Last night we decided to go out to celebrate Mrs. Notafoodie’s birthday. She had been craving some good Thai food, so obviously we headed to the only place in NYC to get that, Jackson Heights / Woodside. Sripraphai on 39th Avenue is THE BEST THAI FOOD IN ALL OF NEW YORK. Period. That fact is not open for debate. You can comment and disagree all you want, but you’re wasting your time with that nonsense at this site.
Our dinner was planned. My mouth was watering all day. My breakfast and lunch were chosen to optimize my pigging out on a whole Thai spicy snapper with a “spicy pork tender” appetizer. The babysitter was set, thanks to my sister. All that was left was the eatin’!
When we arrived on that dark corner that is usually packed with people waiting to be seated, we found out that Sripraphai is closed on Wednesdays. As one of hero’s would say: D’oh!
That’s when things got all “social media”. I used the FoodSpotting app to see if there was anything interesting around. Unfortunately 90% of the results that came up were photos of awesome Sripraphai dishes. The Internet was mocking me.
Thankfully, we were saved by the Yelp app. I found another Thai place just down the block called “Thailand’s Center Point” (weird name, right?) that boasted user reviews like:
“If Sripraphai is the place to get sophisticated/awesome Thai food with your friends on the weekend, Thailand’s Center Point is a place you come alone for a weekday for some comforting heart warming Thai food.”
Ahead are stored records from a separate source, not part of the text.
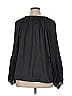 Johnny Was 100% Polyester Black Long Sleeve Blouse Size XL - photo 2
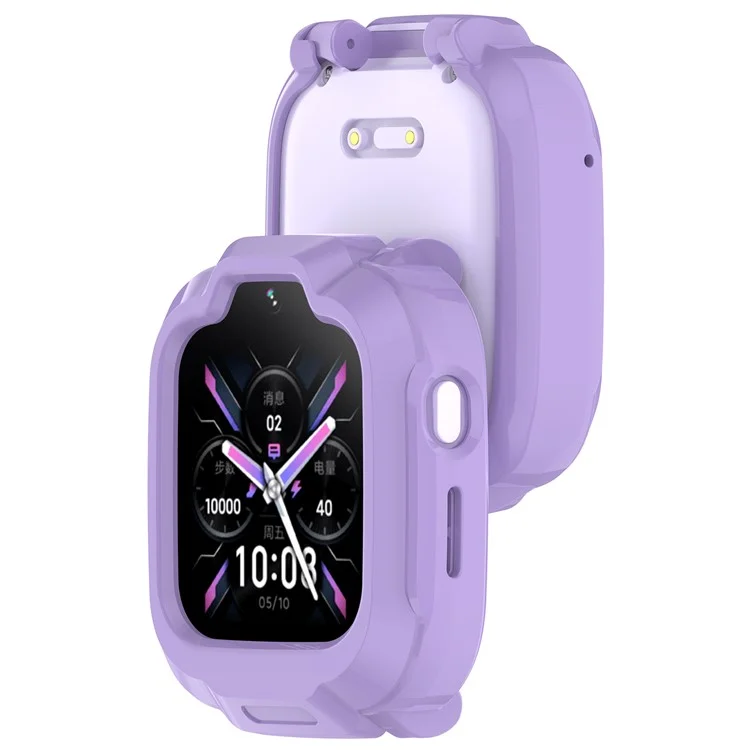 Für Xiaomi Smart Kids Watch TPU Uhrengehäuse Hohles Design Uhrenabdeckung - Lila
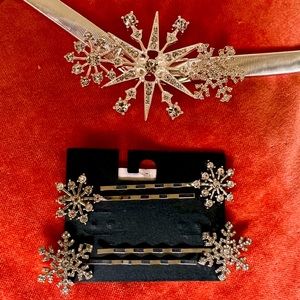 RHINSTONE HAIR PINS AND MATCH ADJUSTABLE BELT 2X to 4X NWOT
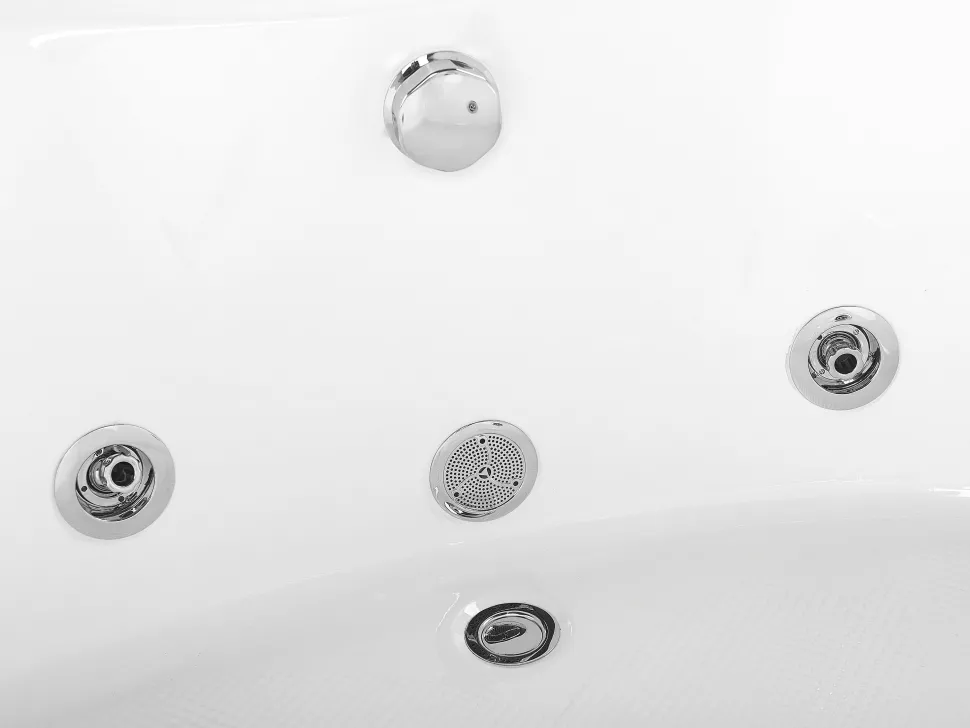 Banheira De Hidromassagem De Canto Em Acrilico Branco 133 X 133 Cm Islita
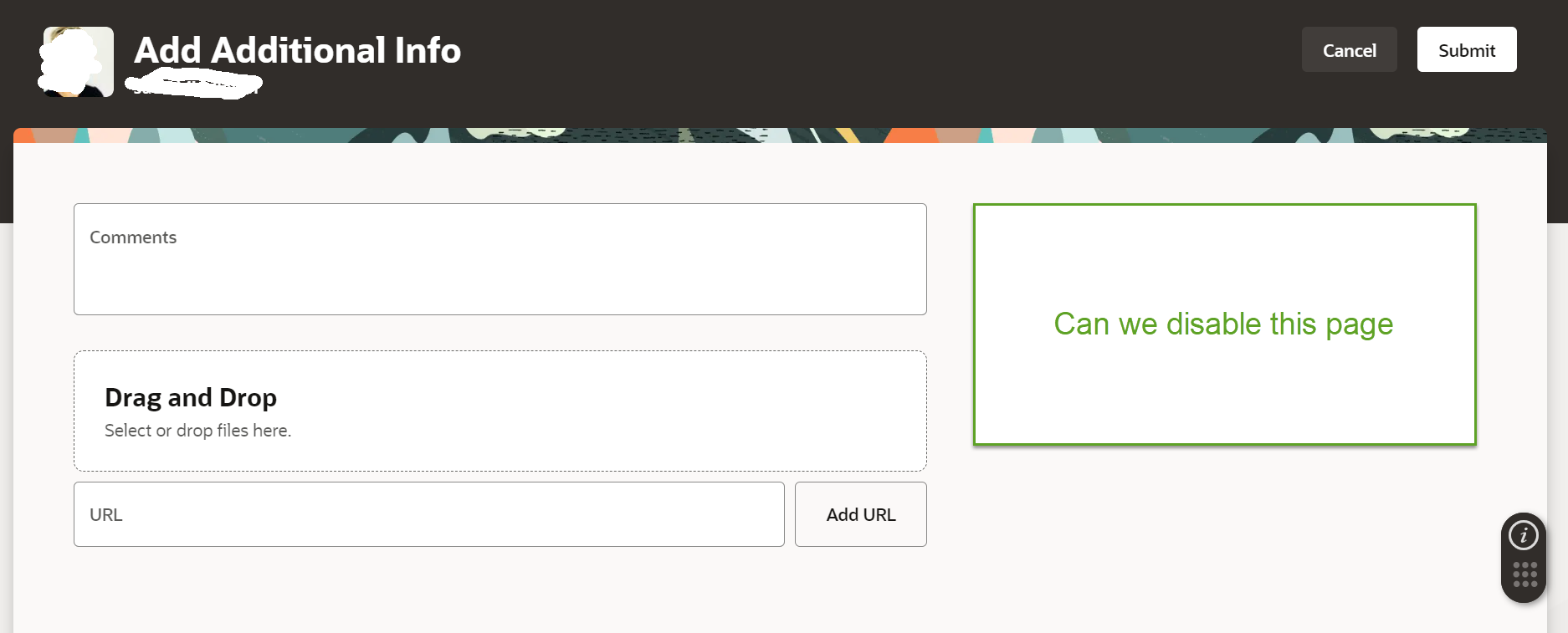 How to disable Add Additional Info page on Redwood Skills and Quals ...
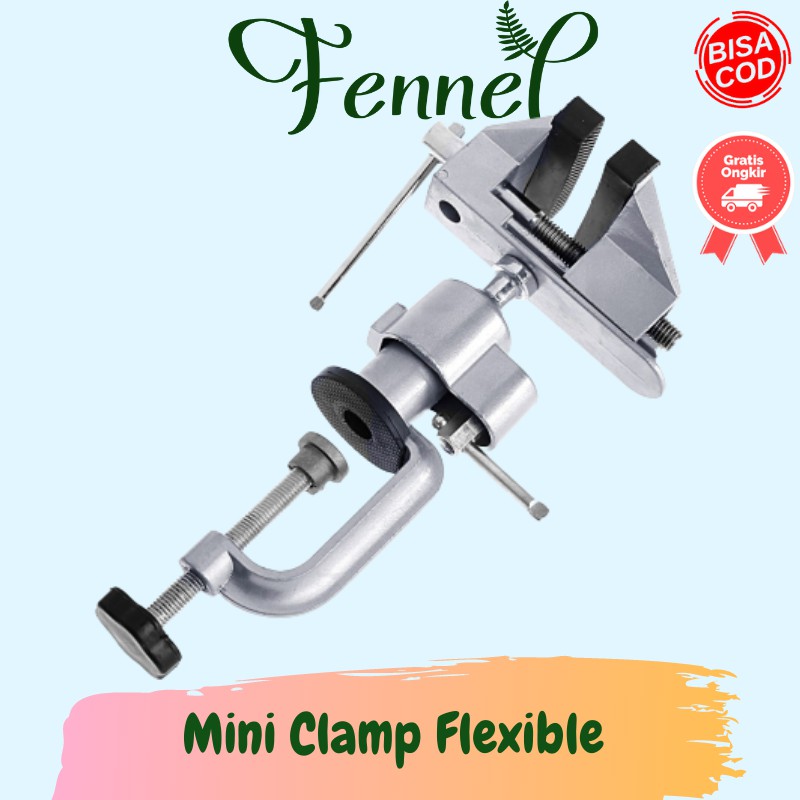 Clamp Ragum Penjepit Mini Kerajinan Seni AT 6075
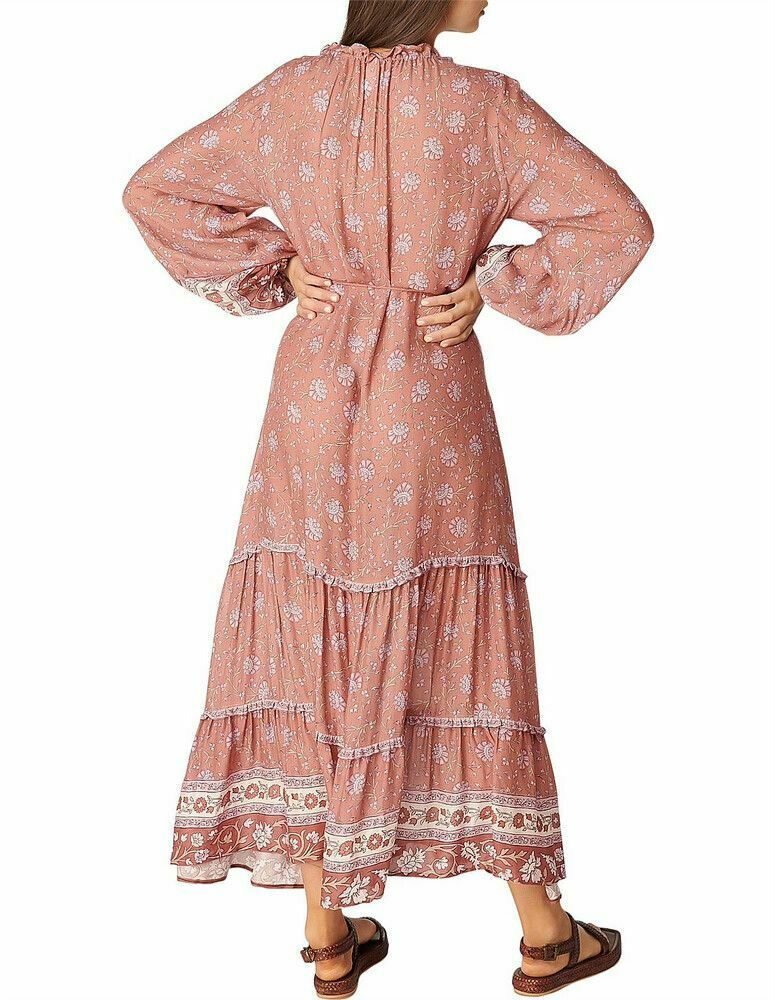 Aurora Leona Long Sleeve Maxi Dress NWT RRP$349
“Still my favorite place for Thai food in Queens and it was just featured in the Village Voice as the Best of NYC!”
“If Sripraphai would fit in well with the local restaurant scene in Thailand, Thailand’s Center Point is the food you’d get in a Thai person’s home”
We were sold… and extremely hungry at this point.
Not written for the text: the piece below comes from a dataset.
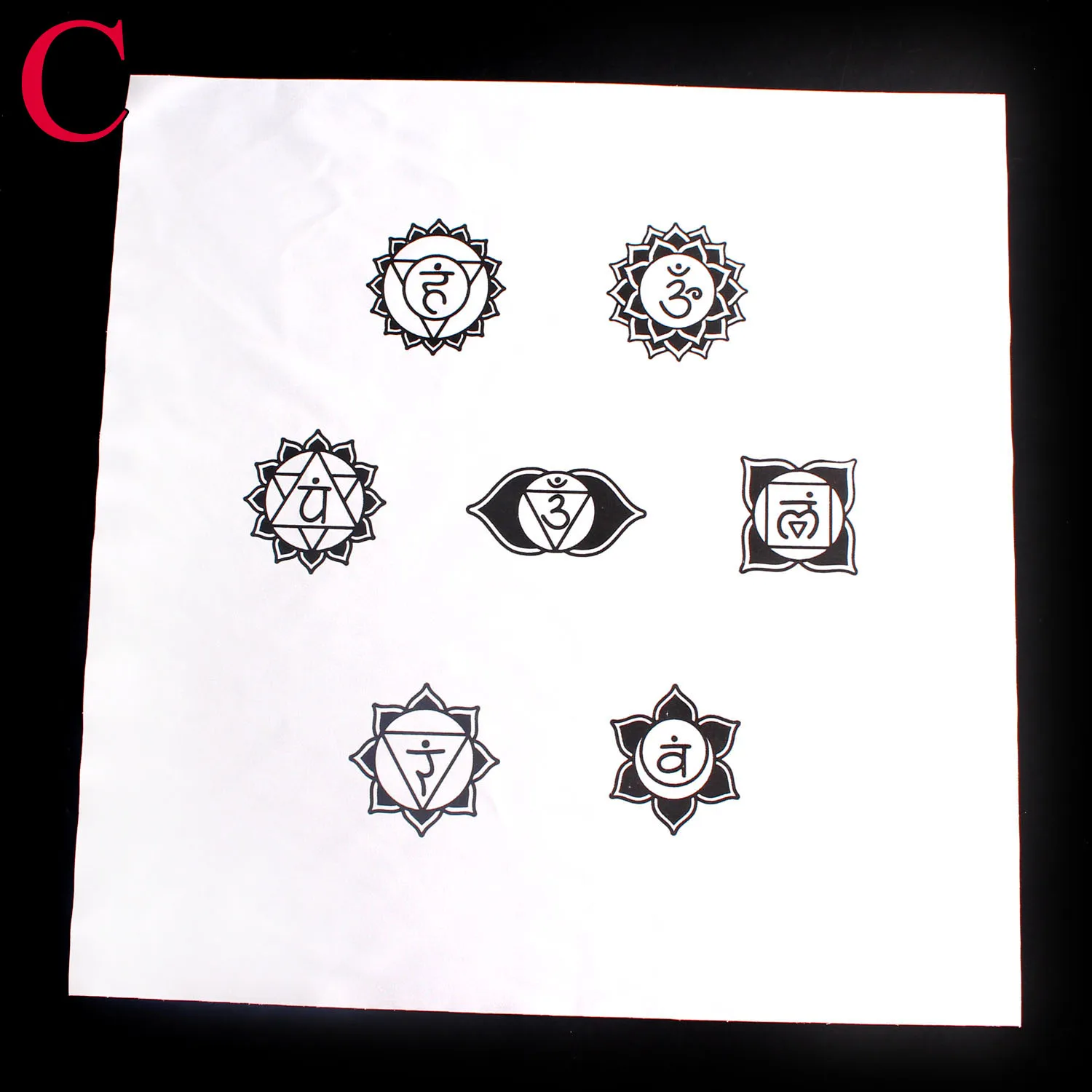 1 шт. 7 чакр Таро хлопковая ткань лотос Руна символ геометрия кристалл сетка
Thailand’s Center Point is really a small Thai grocery. It has one side of the store separated and where 5 or 6 tables are set up. It’s a complete hole in the wall. As soon as you walk in you’re bombarded by a funky mix of smells. I couldn’t put my finger exactly on what it was, but it reminded me of a tiny Thai restaurant that I visited in Japan almost 10 years ago. It’s amazing how smells can take you to different places. TCP does not have a liquor license, but that didn’t stop the half a dozen or so thai-speaking old men from sharing a few sixers of Singha.We ordered a few different items and shared them all. You sort of got the feeling that the kitchen was smaller than most people’s NYC home kitchens and the dishes were being prepared one at a time. The Mrs. ordered a Tom Ka Gai that I sampled. The soup was really good, but the combination of me having a cold and the harshness of biting directly in to a spicy hot ginger root kept me choking for the next 5 minutes. The waitress came over to make sure that everything was OK. You could tell that she was extremely concerned that I didn’t like the soup. I assured her that I was just a stupid white guy that couldn’t handle his Asian spices.
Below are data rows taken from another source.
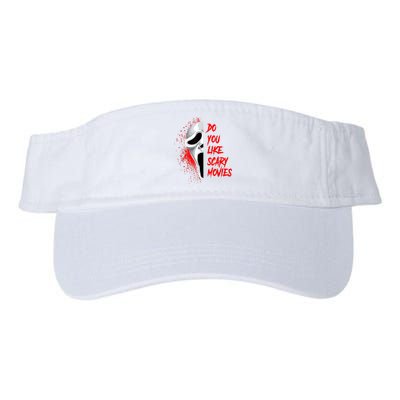 Horror Do You Like Scary Movie Ghostface Valucap Bio-Washed Visor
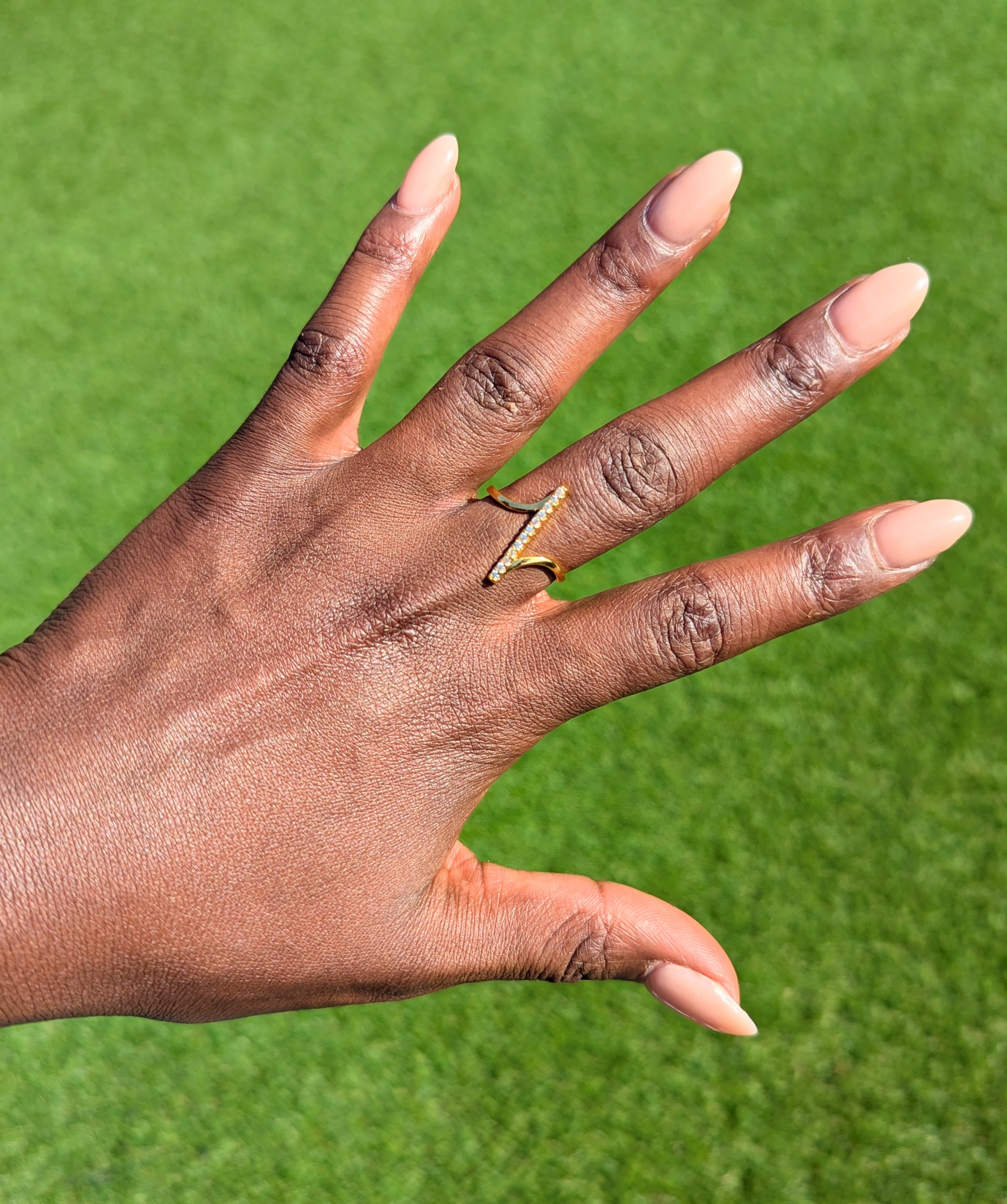 Adjustable Crystal Flow Ring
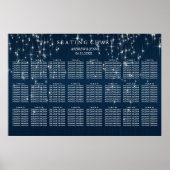 Charming Star Struck Wedding - 24-tabel Poster (Voorkant)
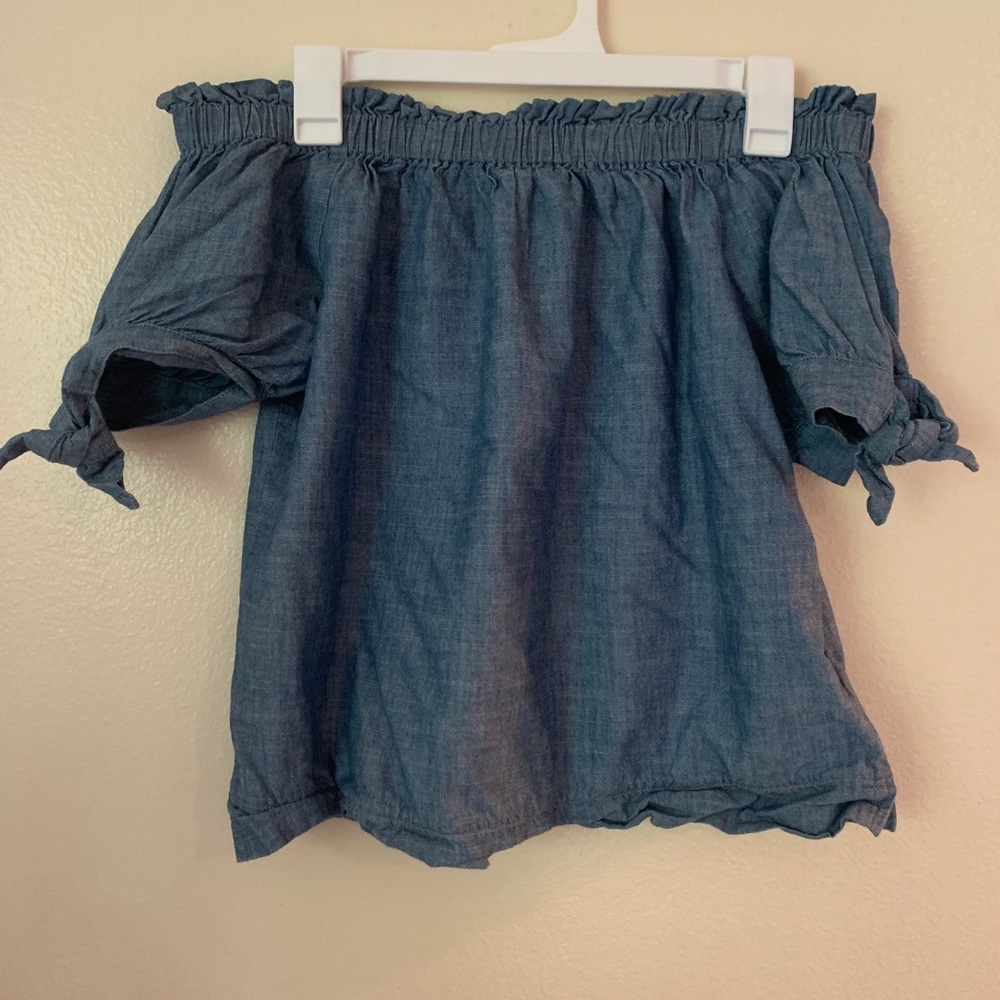 J. Crew off the shoulder top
We ordered pork larb, steamed dumplings, ginger chicken, and a “herb and spices” fried shrimp. Everything was excellent. The shrimp was actually on a specials board that was hidden in the back of the grocery store. I asked if that was one of today’s specials and the waitress said that it wasn’t and the board was just put to the side for storage. Then she said “we’ll make it for you anyway”. I love this place already. The shrimp had a nice slow burn that left an inferno in my mouth by the time the meal was over.
Great meal. I highly recommend it if you like Thai food and don’t care too much about the fact that you’re eating in a glorified bodega. I wish that we lived closer to the place because it would be the PERFECT take-out joint. Unfortunately, I think that in the future if I’ve made it all the way to 39th Avenue in Woodside, my money will most likely go to Sriprphai…. unless it’s a Wednesday.